### Work request
The reply should consist of the line containing "Damen Burgunderrot Kniehohe" and all lines after it in the listing below, reproduced exactly and nothing more.

-=-=-=-=-

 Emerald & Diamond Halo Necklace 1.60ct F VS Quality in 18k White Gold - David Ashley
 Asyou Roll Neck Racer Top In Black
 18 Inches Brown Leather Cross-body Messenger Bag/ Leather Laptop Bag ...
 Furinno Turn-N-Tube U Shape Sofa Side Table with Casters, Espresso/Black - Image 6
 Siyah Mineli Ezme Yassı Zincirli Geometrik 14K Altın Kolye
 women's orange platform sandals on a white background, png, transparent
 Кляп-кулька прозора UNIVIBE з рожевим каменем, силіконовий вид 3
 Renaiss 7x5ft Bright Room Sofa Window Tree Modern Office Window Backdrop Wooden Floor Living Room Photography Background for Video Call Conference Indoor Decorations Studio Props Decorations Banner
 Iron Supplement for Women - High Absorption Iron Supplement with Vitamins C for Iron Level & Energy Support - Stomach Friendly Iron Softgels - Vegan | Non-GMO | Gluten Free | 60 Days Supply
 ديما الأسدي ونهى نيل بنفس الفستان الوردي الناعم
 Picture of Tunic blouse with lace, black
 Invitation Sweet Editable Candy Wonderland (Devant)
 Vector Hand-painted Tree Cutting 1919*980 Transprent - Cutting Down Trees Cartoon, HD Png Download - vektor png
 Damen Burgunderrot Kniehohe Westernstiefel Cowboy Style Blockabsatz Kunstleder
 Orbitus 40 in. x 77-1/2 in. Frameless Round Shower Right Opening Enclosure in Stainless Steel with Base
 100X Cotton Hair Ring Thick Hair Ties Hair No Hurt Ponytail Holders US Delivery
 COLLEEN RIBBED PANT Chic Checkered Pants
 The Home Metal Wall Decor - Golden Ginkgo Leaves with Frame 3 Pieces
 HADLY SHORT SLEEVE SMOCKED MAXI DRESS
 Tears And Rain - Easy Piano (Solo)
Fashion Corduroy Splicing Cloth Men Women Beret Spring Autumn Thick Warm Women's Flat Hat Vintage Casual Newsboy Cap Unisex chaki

-=-=-=-=-

### The answer
 Damen Burgunderrot Kniehohe Westernstiefel Cowboy Style Blockabsatz Kunstleder
 Orbitus 40 in. x 77-1/2 in. Frameless Round Shower Right Opening Enclosure in Stainless Steel with Base
 100X Cotton Hair Ring Thick Hair Ties Hair No Hurt Ponytail Holders US Delivery
 COLLEEN RIBBED PANT Chic Checkered Pants
 The Home Metal Wall Decor - Golden Ginkgo Leaves with Frame 3 Pieces
 HADLY SHORT SLEEVE SMOCKED MAXI DRESS
 Tears And Rain - Easy Piano (Solo)
Fashion Corduroy Splicing Cloth Men Women Beret Spring Autumn Thick Warm Women's Flat Hat Vintage Casual Newsboy Cap Unisex chaki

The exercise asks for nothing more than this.